En première instance, Sigrid Maurer, une ancienne députée écologiste, a été reconnue coupable d’avoir violé la loi sur les médias et d’avoir porté atteinte aux intérêts d’un propriétaire de bar-tabac. Sur Twitter et Facebook – considérés donc comme des médias –, elle avait posté, en mai dernier, le nom du monsieur et le texte ordurier qu’il lui avait envoyé par le biais de Messenger, et ce sans vérifier qu’il était bien personnellement à l’origine de la missive des plus fleuries.

Ce dernier, cible de la foudre des internautes par la suite, affirmait que la page Facebook de son établissement était à la disposition de ses clients et qu’il n’était pas derrière les suggestions dégradantes et à caractère sexuel qui avaient été envoyées. La justice a estimé qu’avant d’exposer publiquement des contenus privés, l’ancienne élue, qui voulait dénoncer l’absence de recours judiciaires possibles pour les victimes de harcèlement sexuel en ligne, aurait dû entrer en contact avec lui pour s’assurer de son identité.

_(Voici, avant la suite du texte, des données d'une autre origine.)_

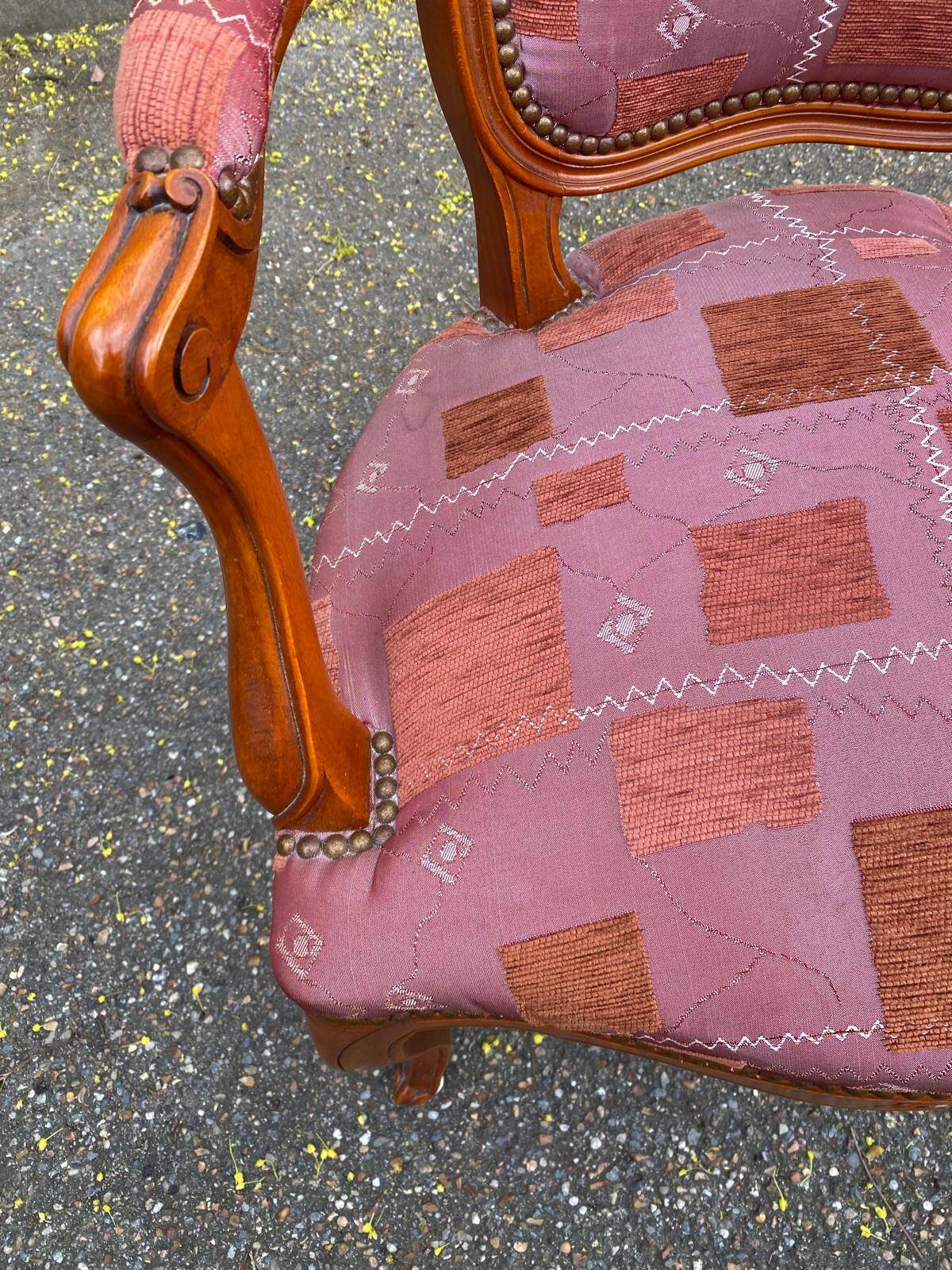 Bergère cabriolet armchair Louis XV in embroidered burgundy silk fabric.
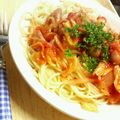 キョク's cooksnap of when they made キャベツとソーセージのトマトパスタ.
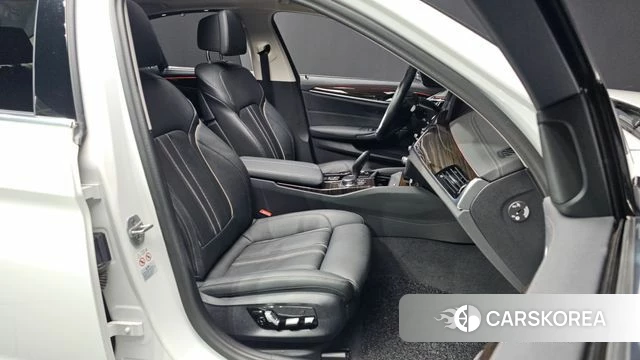 BMW 5 Series (G30) 2023 Белый из Кореи, фото 2
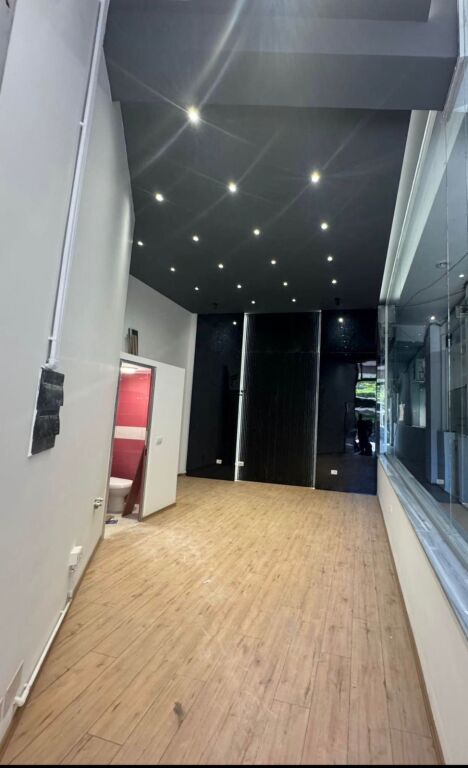 NEGOZIO IN AFFITTO 27M2 VIA BARRICATE 40.000 LEKE FH-71632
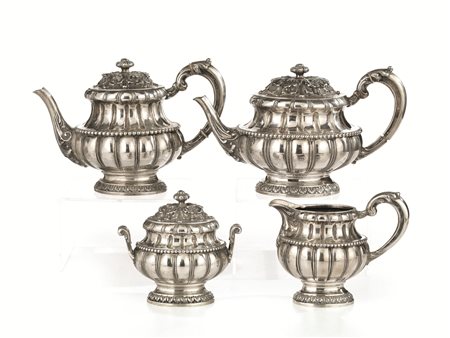 Servito da tè , in argento, composto di teiera, cioccolatiera, lattiera e...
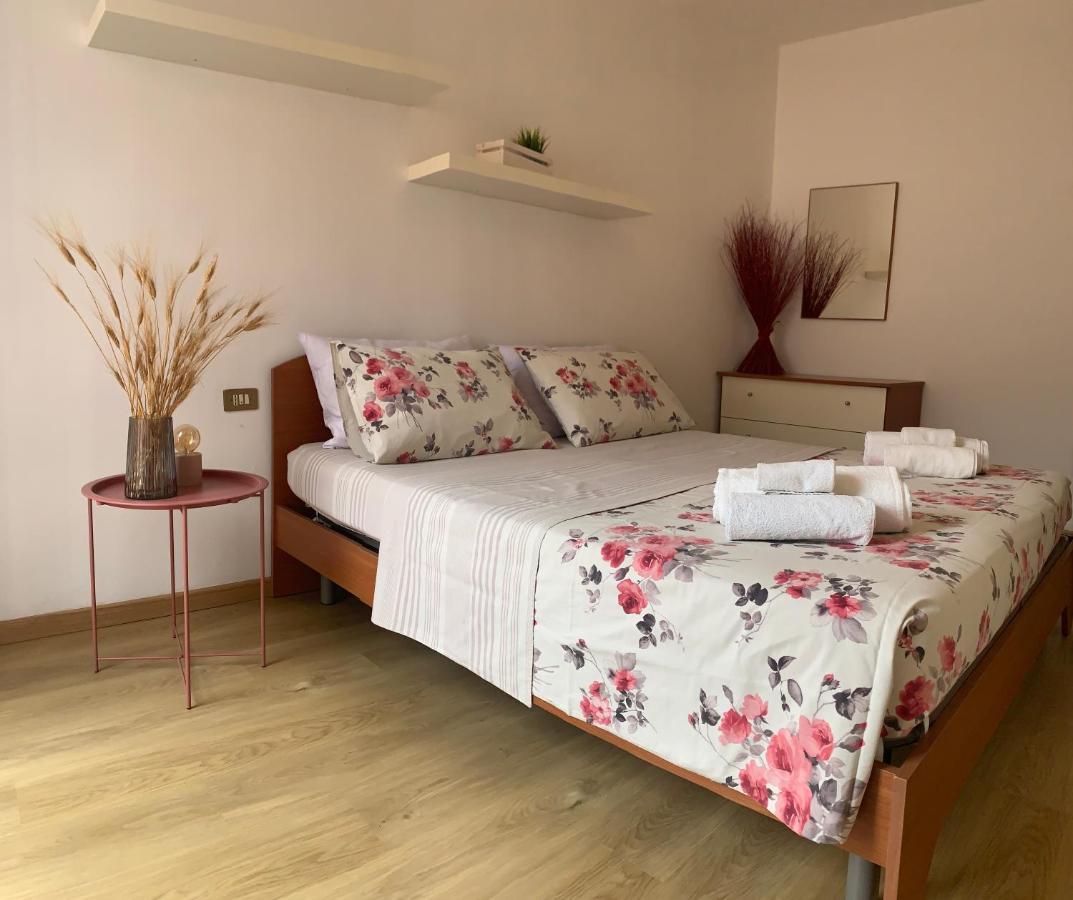 Clo Apartment Toscolano Maderno Extérieur photo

« Je ne compte pas reculer »

« Car ce n’est pas lui qui a écrit ce message », jure l’avocat du commerçant, Adrian Hollaender, cité par l’Agence de presse autrichienne APA. « On ne parle pas de politique ou de féminisme dans cette affaire. Il s’agit juste d’un cas de diffamation. » Si elle réjouit ceux qui s’inquiétaient des dérives possibles dans le cadre des dénonciations en ligne du mouvement #MeToo, la décision prouve malgré tout que « les victimes du cyber-harcèlement disposent de peu de leviers pour se défendre », déplore Schifteh Hashemi, une militante des droits des femmes.

Maria Stern, la chef du parti d’opposition Liste Pilz (écologiste) parle, elle, d’un « mauvais signal » envoyé par le tribunal de Vienne. « Les victimes réfléchiront désormais à deux fois, avant d’alerter sur des comportements inappropriés. » Quant à Sigrid Maurer, elle s’est déclarée « choquée » par le verdict, rendu par un juge de sexe masculin. « Je ne compte pas reculer, dit-elle. On va aller en appel, peu importe ce que cela coûtera. Il est absolument clair que cet homme est derrière les messages que j’ai reçus. »

Avec humour, elle a démontré sur Twitter que les recommandations du tribunal étaient par ailleurs inapplicables. Employant toutes les formules de politesse nécessaires, et après avoir pris le soin de masquer l’identité du jeune homme, elle a demandé à l’un de ses harceleurs de bien vouloir lui fournir une copie de son passeport, afin qu’elle puisse, avec toute la « rigueur journalistique » nécessaire, vérifier son identité, avant de publier en ligne son nom, accompagné du message obscène qu’elle venait de recevoir. « Bouge de là ! » a-t-elle alors reçu comme seule réponse.